A come-quieto das cervejas

Nessa guerra das cervejas, pouco se falou da Schincariol, empresa do interior paulista que surgiu nos últimos anos conquistando fatias crescentes do mercado nacional. No início, a concorrência atribuía o fenômeno à suspeita de que a empresa não pagasse impostos. É possível, como ocorre em quase toda empresa em início de processo de expansão. Agora, grande, as vantagens comparativas residem na capacidade de entender o mercado.

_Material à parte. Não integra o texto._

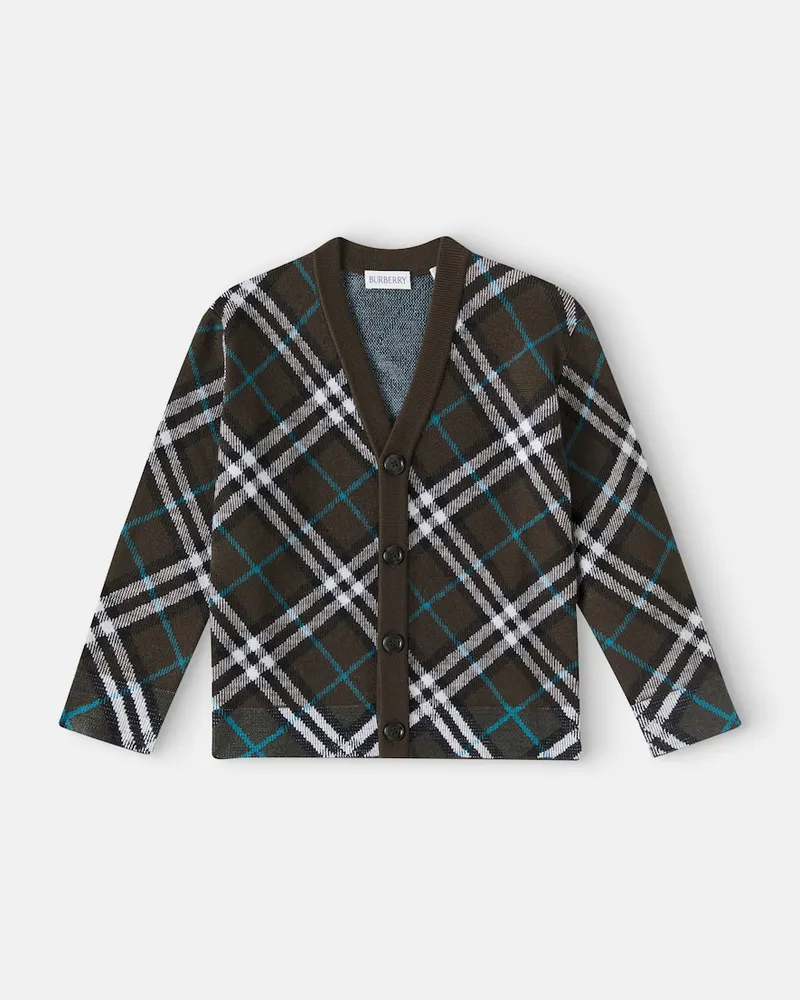 Burberry Cardigan aus Wolle Braun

A posição da Schincariol tem sido cômoda nessa guerra, assistindo de longe e se permitindo criticar as duas pontas a AmBev (associação da Antarctica com a Brahma) e a Kaiser. A proposta da AmBev de levar o Guaraná Antarctica para o mundo é vista com ressalvas, principalmente porque nos últimos anos não se investiu sequer no mercado brasileiro. O Guaraná Antarctica chegou a 15,2% do mercado de refrigerantes e hoje possui apenas 6,3%. Mesmo antes da crise da Antarctica, o Guaraná vinha caindo porque é o refrigerante mais suscetível à guerra de preços, especialmente as empreendidas pelas tubaínas. Hoje em dia, os independentes possuem 30% do mercado brasileiro e estão se estruturando cada vez mais.
O fator preço ainda é determinante no mercado de cervejas. Se se colocar Schincariol com base 100 de preço, a garrafa retornável da Brahma e Skol vai para 127, a da Antarctica, para 122, e a da Kaiser, para 111.
Mas o ponto central da análise da Schincariol é que, no mercado de cerveja, as marcas envelhecem e são substituídas. Se não se considerar a Bavaria, as cervejas de marca Antarctica caíram de 19,9% do mercado em outubro de 1997 para 13%. A Brahma caiu de 24,7% para 21,3% e foi salva pela Skol, que saltou de 22% para 27,5%. A Kaiser também caiu nesse período, enquanto a Schincariol cresceu de 7% para 8%. A própria Budweiser soma 45 pontos no mercado americano, mas, sem a Bud Light, cairia para 30 pontos.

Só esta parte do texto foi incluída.